As the opening of a 2014 group gallery exhibition in the East Village approached, Mattituck resident Anne Sherwood Pundyk decided she needed a more colorful backdrop than a plain white wall to display her work.

“I went back to my studio in Tribeca at the time and looked down at the floor … I saw this great big piece of canvas and I thought ‘I’ll just paint on it,’” she explained. “I thought of it as wallpaper, and then when I brought it back into the studio here [in Mattituck after a move], I thought ‘there’s something great about how this looks and feels.’”

This improved backdrop inspired one of the latest — and perhaps quite literally, largest — chapters of Ms. Pundyk’s artistic career. On March 23, “Beauty of the Bounds,” her first East End solo exhibition since she and her husband, Jeff Pundyk, moved to Mattituck in 2014, will open at East End Arts. Among other works, Ms. Pundyk will display 10 of her raw canvas paintings. These canvases — the largest of which, reaches 12 feet by 15 feet — are too big for the Riverhead showing and have not been stretched and strung over wood frames. They flow free in the breeze like tapestries.

“It couldn’t be more gratifying,” Ms. Pundyk said of the exhibition, which will run through May 5 and feature a number of interactive talks and experiences, from a discussion on generational trauma to a Rites Of Spring performance. 

Upon her relocation to Mattituck, the artist transformed the property’s detached three-car garage into an art studio illuminated by skylights. The space provides ample room for her large-scale creations, but she often paints outside in the backyard.

“At the end of my time in college, I felt I discovered what I wanted to say and how I wanted to see it,” Ms. Pundyk said. “I think the sanctuary of being here, the beauty, the light, has given me a way to reconnect with a place that is really important for my work … I’ve decided to do things my way, not accept other people’s ideas of how things should be and discover them for myself.”

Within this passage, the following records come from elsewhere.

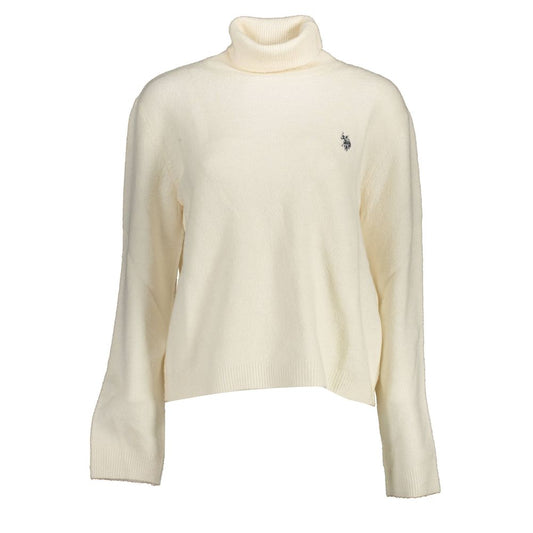 U.S. Polo Assn. White Nylon Turtleneck Sweater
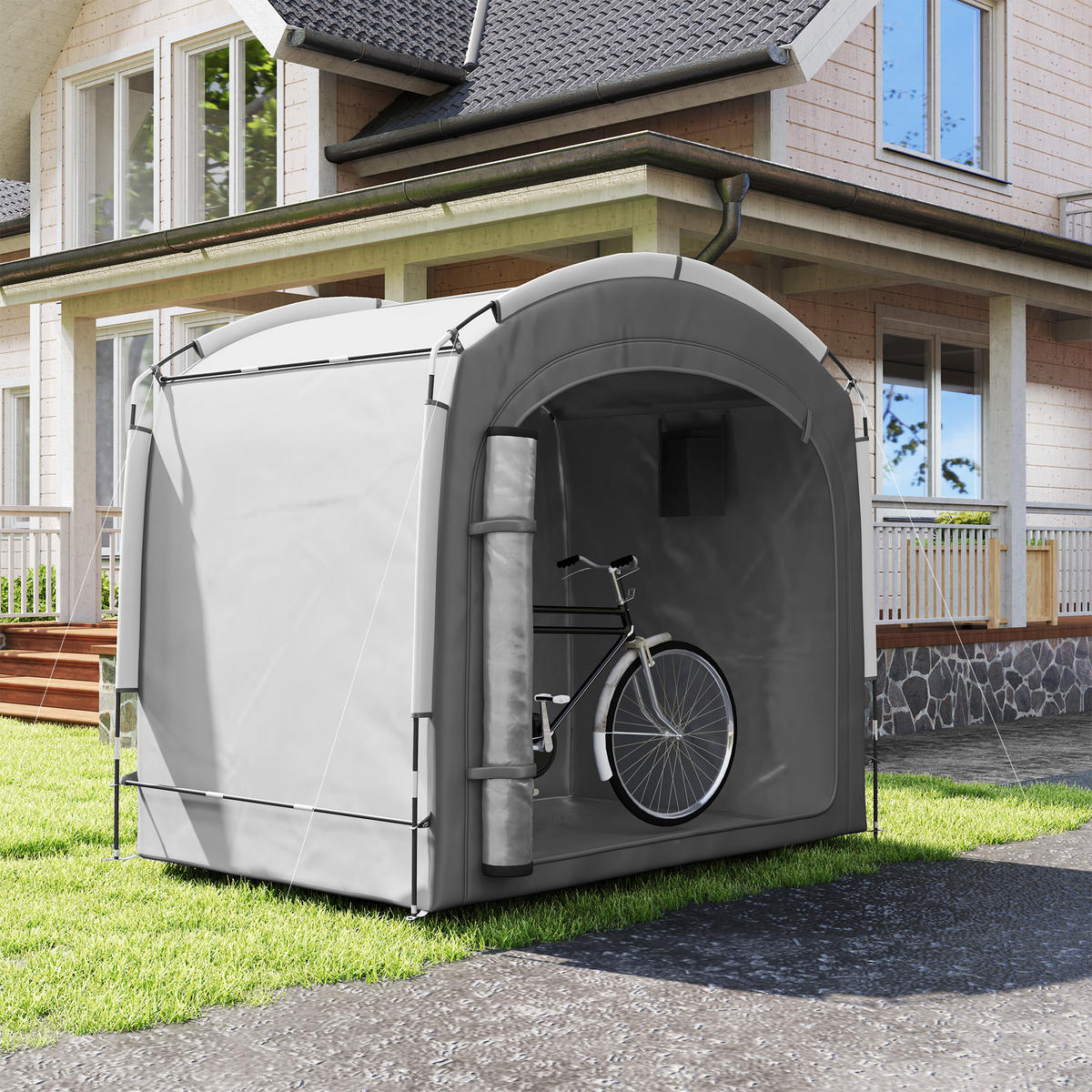 FAHRRADGARAGE DE-12648 205/140/188 cm mit 2 Seitentaschen Dunkelgrau - Dunkelgrau, Textil (150/195/220cm) - ComfortXL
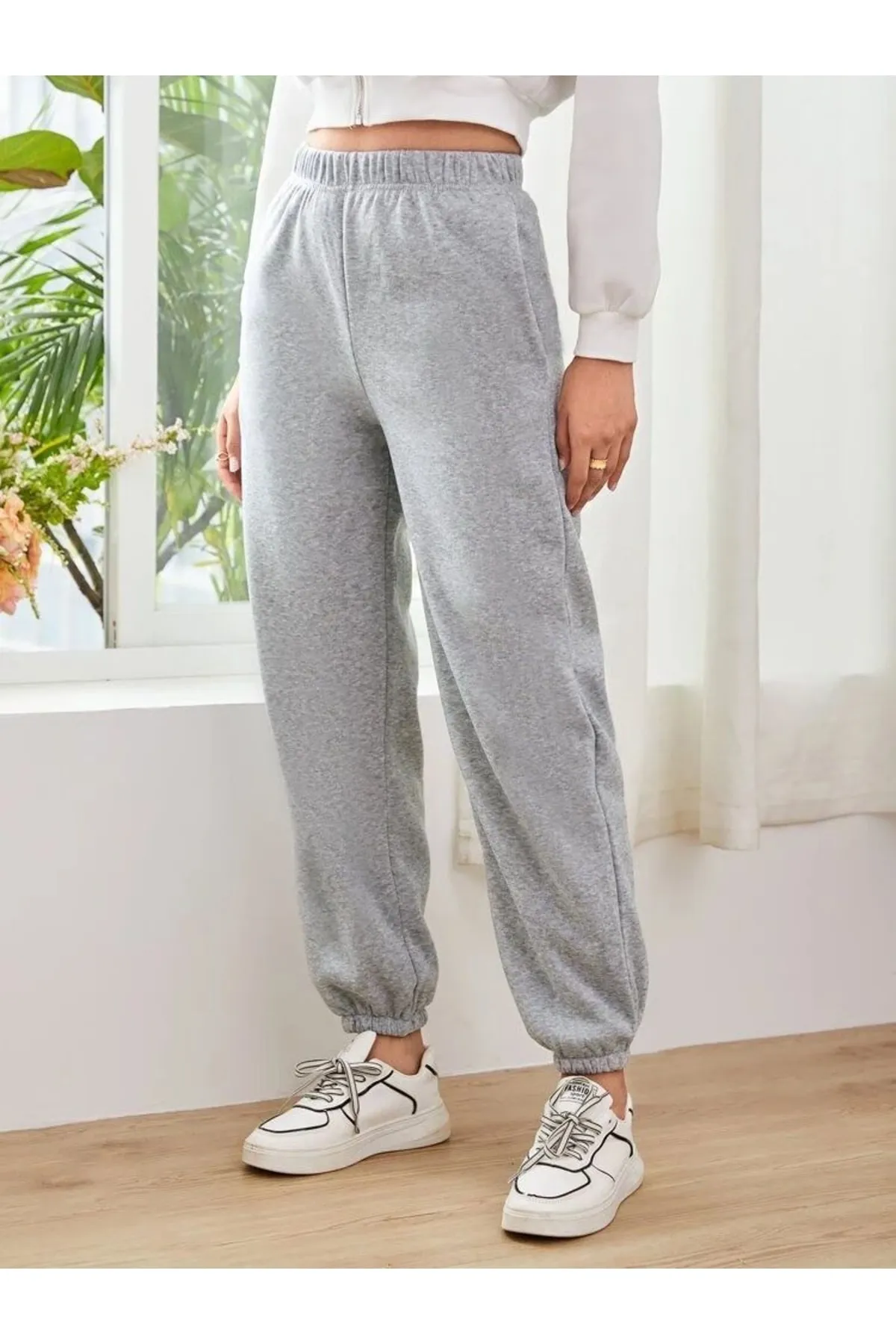 My Blog  Graue Jogger-Jogginghose mit elastischem Bund und Beintaschen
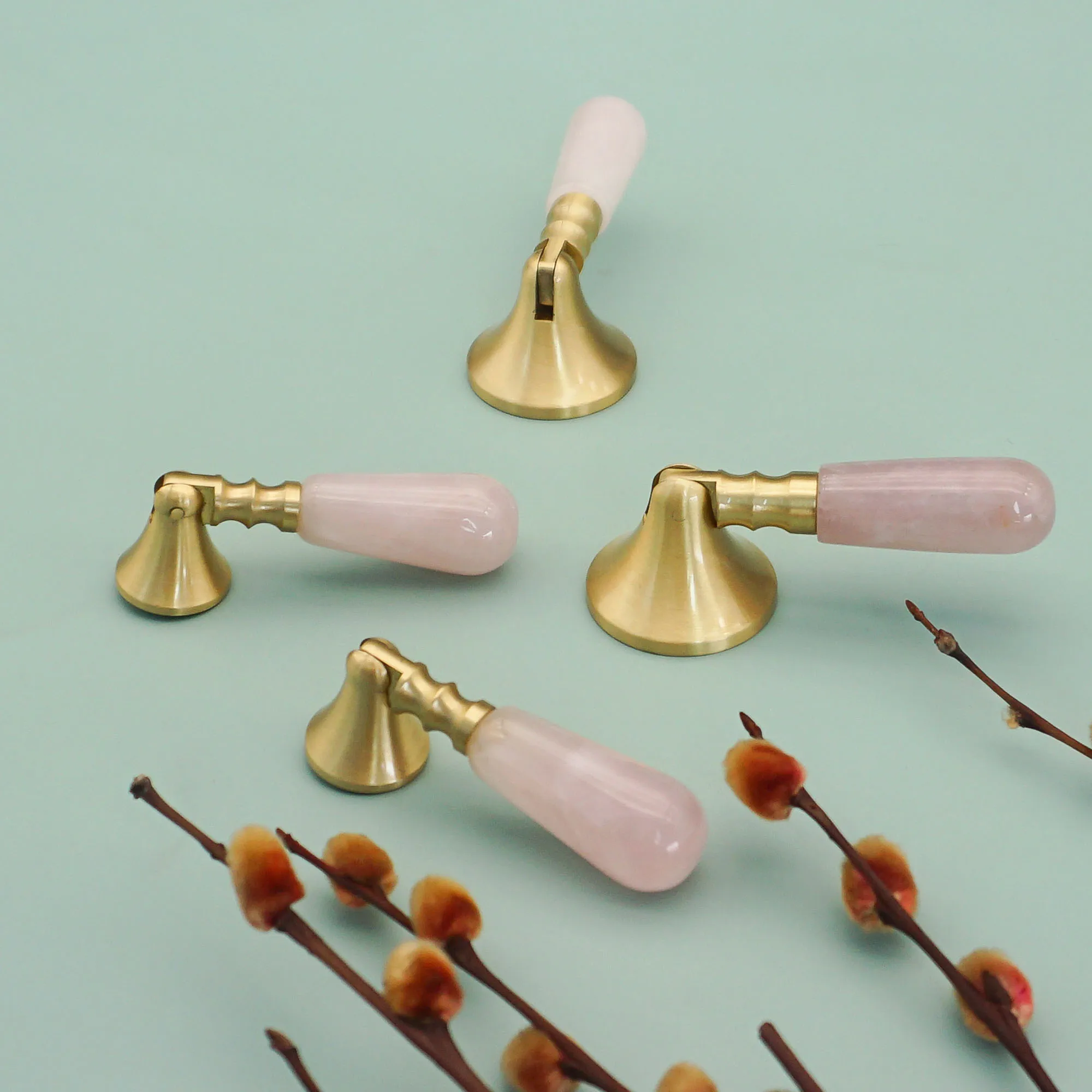 Pink Crystal + Brass Door Knobs and Handles Kitchen Cabinet Handles Dresser Wardrobe Drop Pulls Light Luxury Furniture Hardware
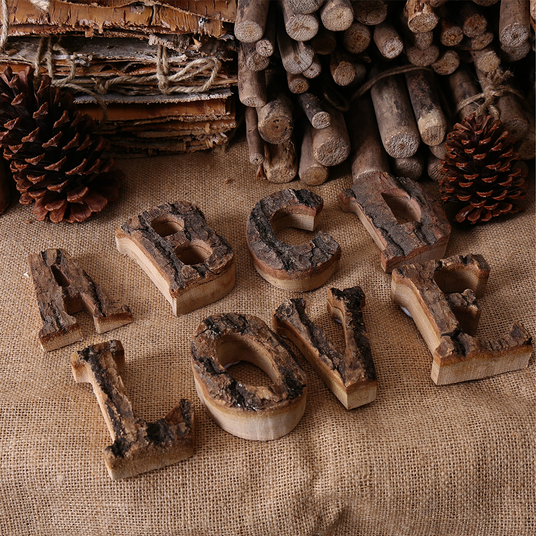 Tree Bark English Letter Decoration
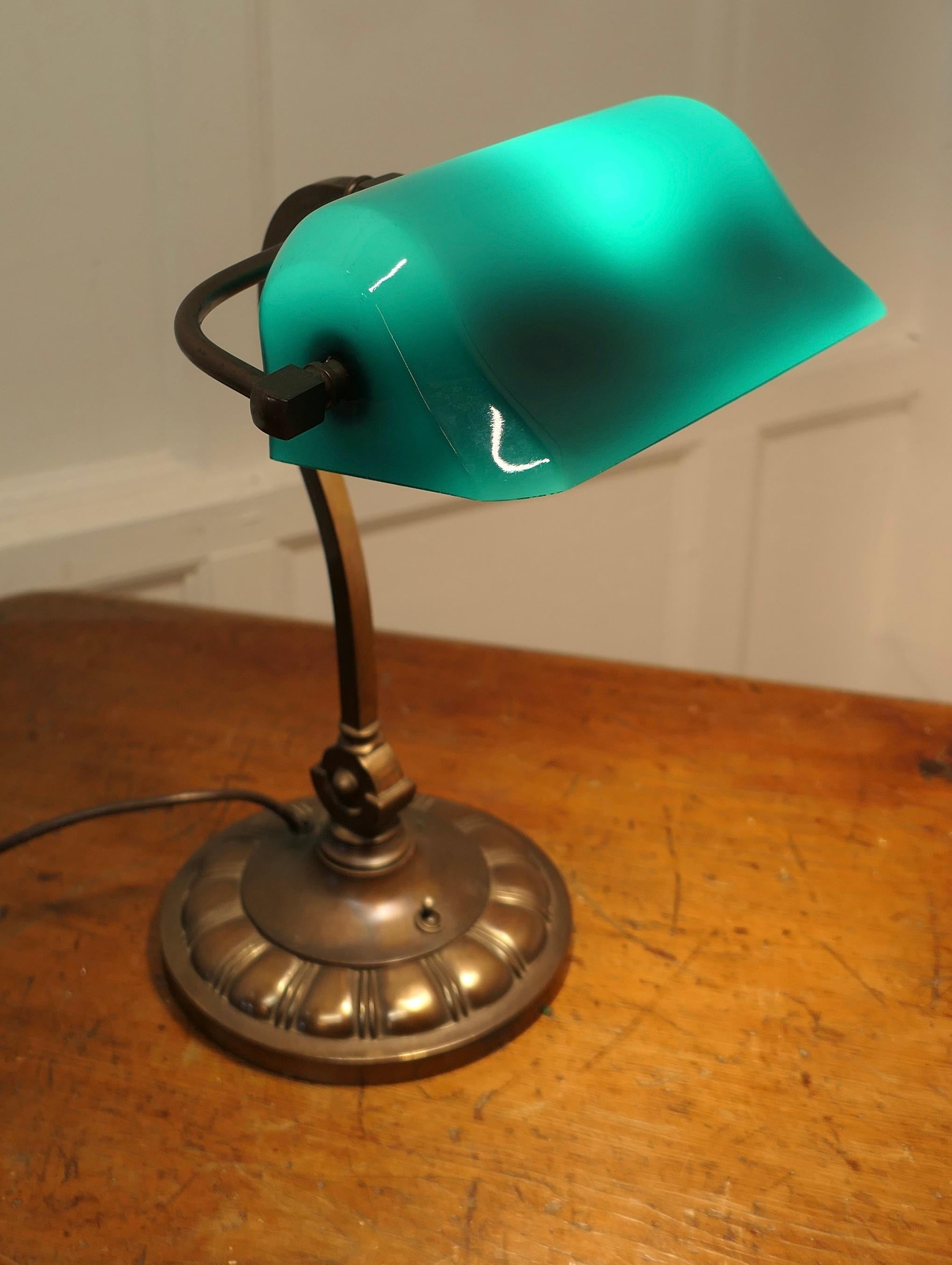 Art Deco Early 20th Century Copper and Green Glass Barrister’s Desk Lamp    For Sale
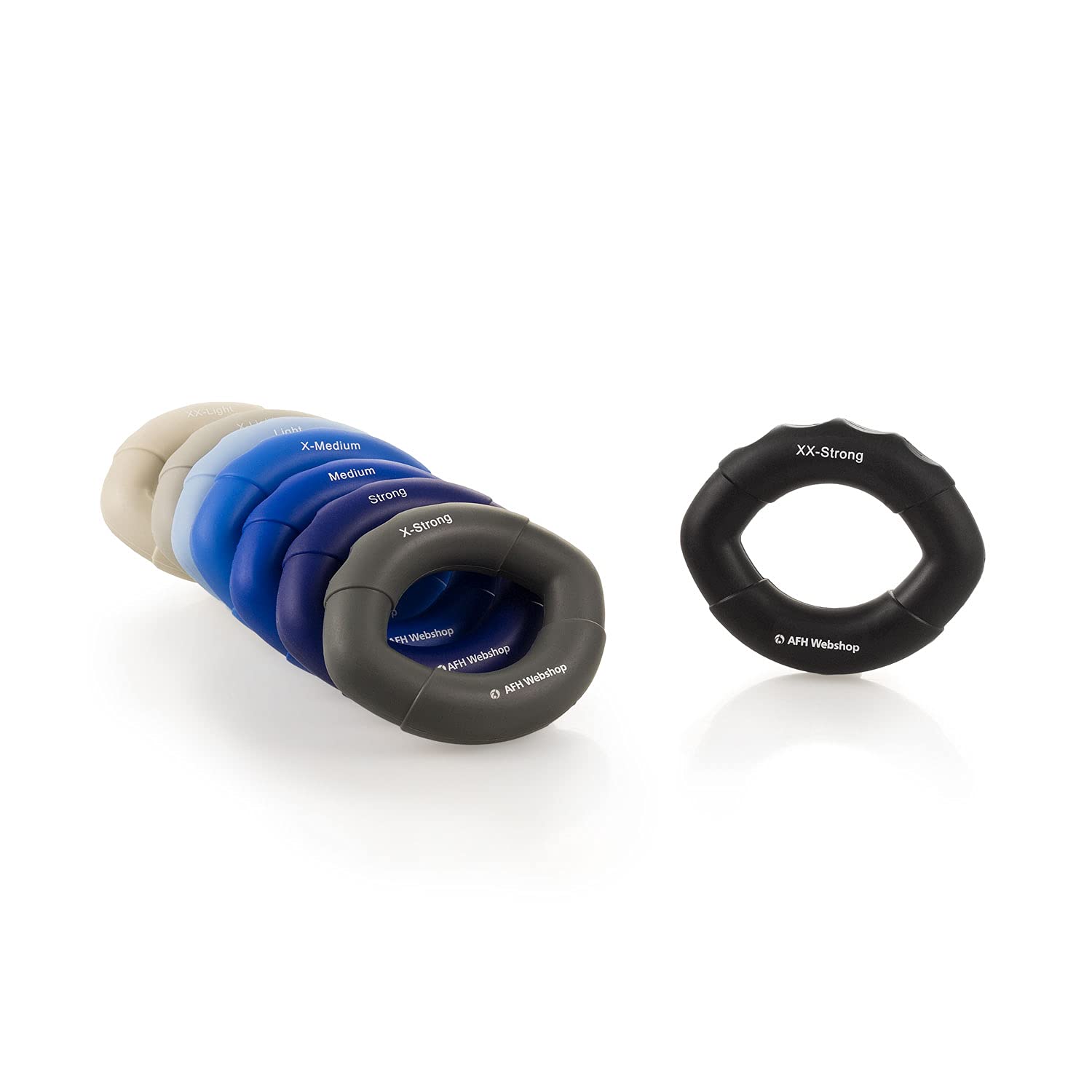 AFH Webshop 8er Spar Set | Silikon Handtrainer und Fingertrainer | EasyFlex Premium Qualität | ergonomischer Fingertrainer Ring | Greifkraft Griffkraft Trainer | 8 Verschiedene Widerstände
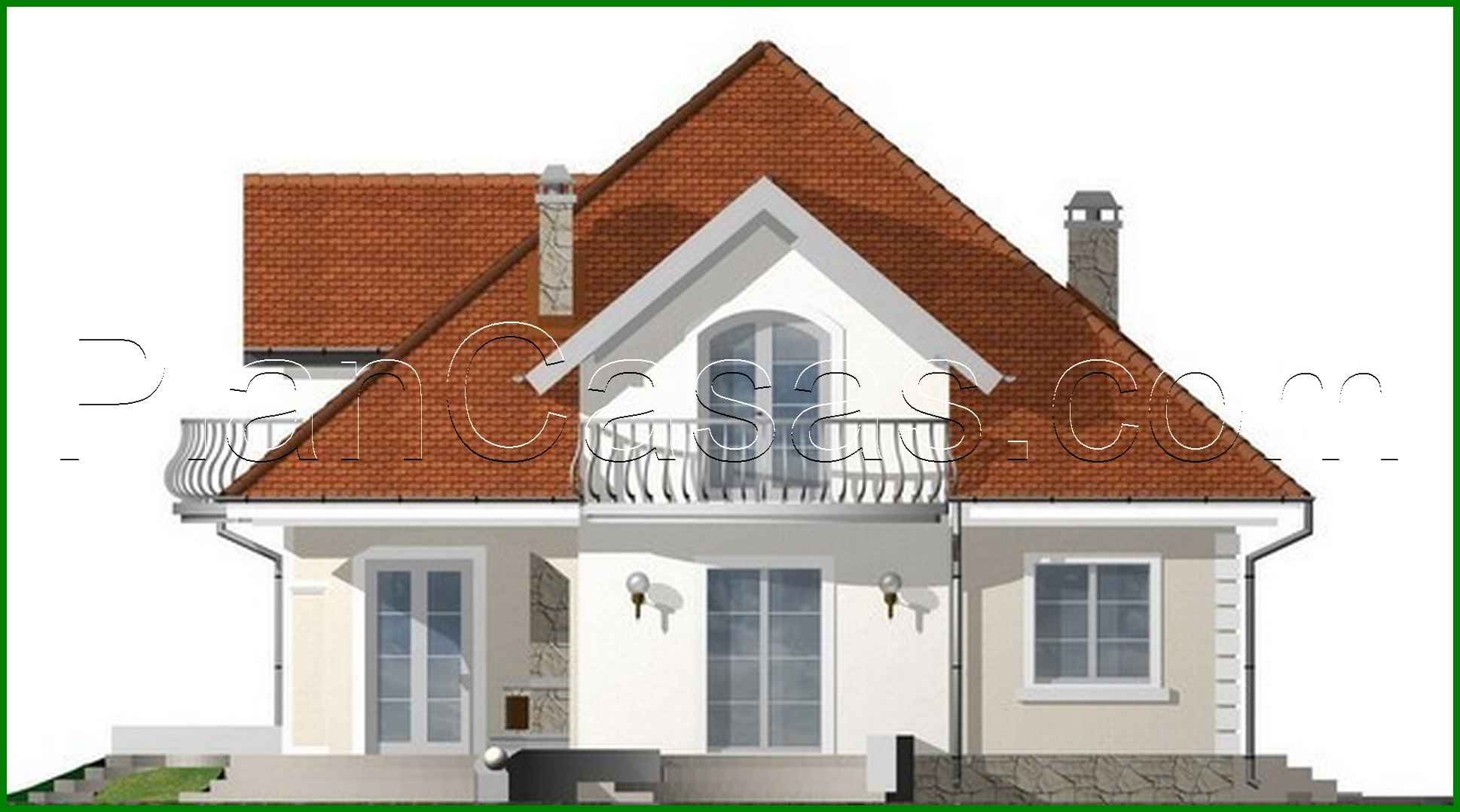 Visualization gallery - The project of a cottage with an attic and a brick facade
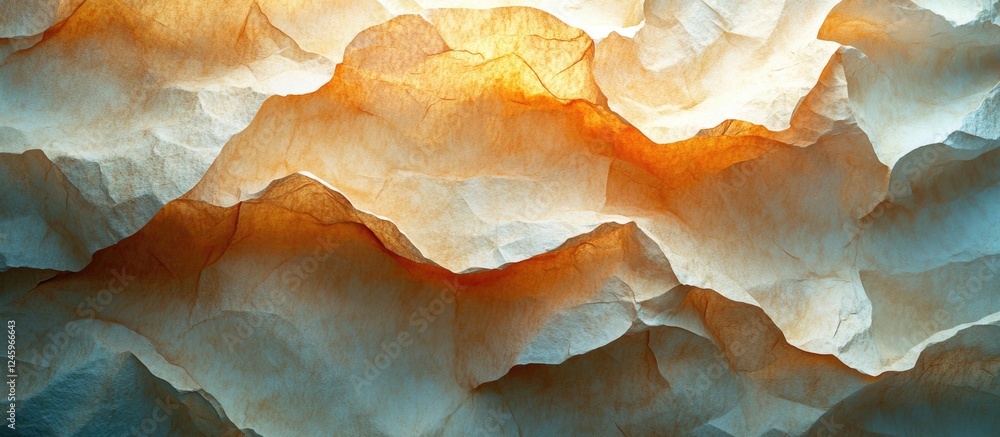 Poster Layered crumpled paper textures in warm tones showcasing depth and intricate patterns for design and background applications.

In her studio, Ms. Pundyk keeps old brushes, ink tools, pastels and other artifacts handed down from her grandmother, Mary Sherwood Wright Jones. During her lifetime, her grandmother illustrated children’s books and magazines, including the national schoolchildren newsletter “My Weekly Reader.” Her grandmother’s work inspired her book “The Garden,” comprising pressed paintings that boast simple designs — zig-zagged lines and interlocking rings — but are paired with short stories that evoke heavy themes, ranging from motherhood to loss. Several illustrations and stories in “The Garden” will be on display during Ms. Pundyk’s East End Arts exhibit.

“My grandmother studied art in New York City and had a professional career focused on illustration, but she also did painting,” Ms. Pundyk said. “I saw what that took, the commitment. It’s a calling, you find yourself.”

Three of the walls in Ms. Pundyk’s studio feature one of her large, raw canvas paintings. She prefers working with loose raw canvas sheets because she can alter the size of any piece as it pours out of her. The Mattituck artist paints various pieces of this canvas and sews them together, leaving the colorful threading intact and highly visible. These stitches are joined by similarly colorful penciled lines, and the entire workspace gets layered with painted figures and textures. She paints perfect circles by tying her brush to a string secured to her canvas with a tack, adds grid marks by dipping square metal grates in paint and creates a splatter effect pressing not-quite-yet-dried paints she keeps rolled up in sheets of plastic onto the canvas.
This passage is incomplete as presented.